The reranker optimizes precision and ordering.


11. Why Reranking Helps

Vector search often uses approximate similarity over precomputed embeddings.

A reranker can inspect the query and candidate text together.

This enables finer relevance judgment.

Example:

Query:

"What is the deadline to appeal an enforcement notice?"

Candidate A:

An appeal may be submitted after an enforcement notice is issued.

Candidate B:

The respondent must file an appeal within 14 calendar days after receiving the enforcement notice.

Both are semantically related.

Candidate B is better.

A reranker should rank B above A.


12. Reranker Inputs

A reranker usually receives:

class RerankInput(BaseModel):
    query: str
    candidates: list["RetrievalCandidate"]
    user_context: dict[str, str] = {}
    max_results: int

Candidate:

class RetrievalCandidate(BaseModel):
    chunk_id: str
    text: str
    source_id: str
    score: float | None = None
    rank: int | None = None
    source: str

    metadata: dict[str, str | int | float | bool | None]

Output:

class RerankResult(BaseModel):
    chunk_id: str
    relevance_score: float
    rationale: str | None = None

In high-throughput paths, avoid storing long natural-language rationales unless needed for debugging.


13. Retrieval Filters

Filtering is not optional.

Filters protect correctness and security.

Common filters:

  • tenant_id
  • acl_policy_id
  • allowed_roles
  • document_status
  • valid_from
  • valid_to
  • jurisdiction
  • case_type
  • source_type
  • classification
  • language
  • policy_area

Security filters should happen before candidate text is returned from the search backend whenever possible.

class RetrievalFilter(BaseModel):
    tenant_id: str
    allowed_acl_policy_ids: list[str]
    allowed_roles: list[str]

    document_status: list[str] = ["active"]
    valid_at: str | None = None
    jurisdiction: str | None = None
    case_type: str | None = None
    source_type: str | None = None

Important invariant:

Retrieval must not fetch unauthorized text and then hope later stages ignore it.
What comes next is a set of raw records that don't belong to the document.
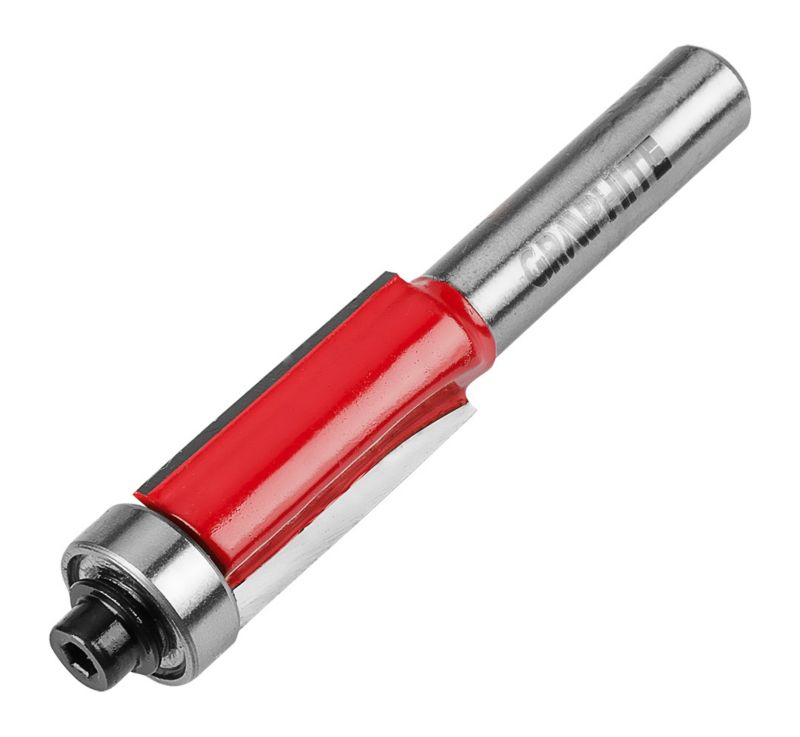 Frez prosty GRAPHITE z dolnym łożyskiem, długi, HM, 13 x 50 mm, trzpień 8 mm 1 szt
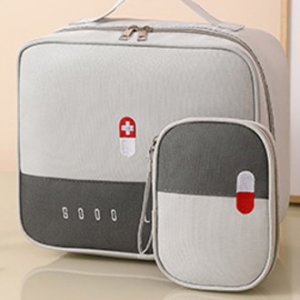 M043 비상약 파우치 약 가방 구급상자 인쇄 답례품 판촉물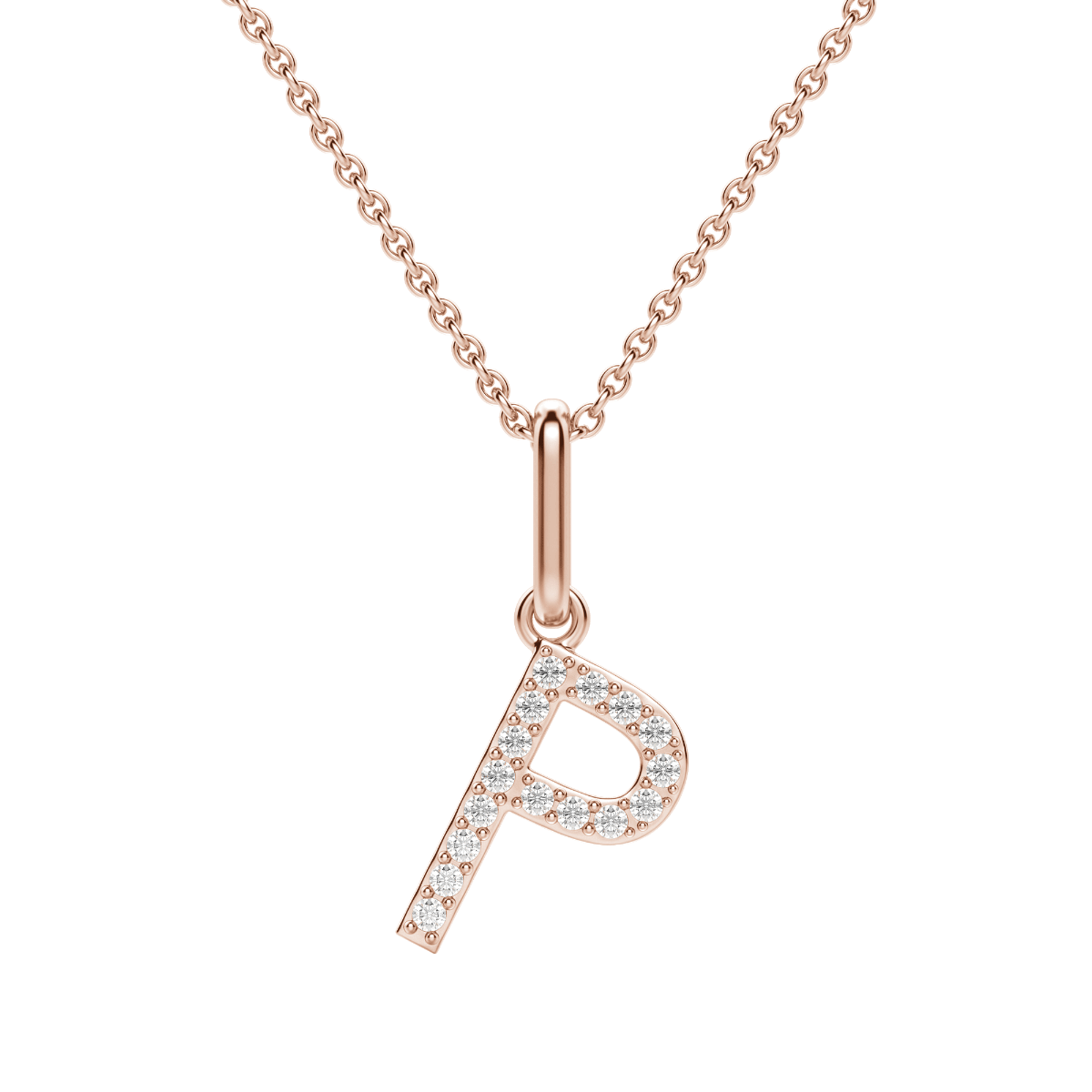 "P" Initial Pendant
14. Pre-Filtering vs Post-Filtering

14.1 Pre-Filtering

Filter before search/ranking.

Pros:

  • safer;
  • less data leakage risk;
  • smaller candidate set;
  • lower cost.

Cons:

  • may reduce recall if metadata is wrong;
  • search backend must support filter efficiently;
  • complex filters can hurt performance.

14.2 Post-Filtering

Filter after search/ranking.

Pros:

  • easier to implement;
  • useful for non-sensitive quality filters;
  • can preserve search recall before final selection.

Cons:

  • dangerous for security;
  • can return too few candidates after filtering;
  • unauthorized text may enter app memory/logs.

Security rule:

Use pre-filtering for tenant, ACL, and classification. Use post-filtering only for non-sensitive ranking refinements.


15. Query Understanding

Before retrieval, classify the query.

Example query types:

Query TypeRetrieval Strategy
Exact identifierlexical + metadata filter
Conceptualvector + rerank
Policy clauselexical + vector + section boost
Procedureparent-child + rerank
Timelineevent/time metadata + vector
Definitiondefinition index + lexical
Comparisonretrieve multiple source groups
Case-specificcase data + policy data + ACL
Troubleshootingerror-code lexical + semantic docs
Ambiguousask clarification or retrieve broad candidates

A query classifier can be rules-based, model-based, or hybrid.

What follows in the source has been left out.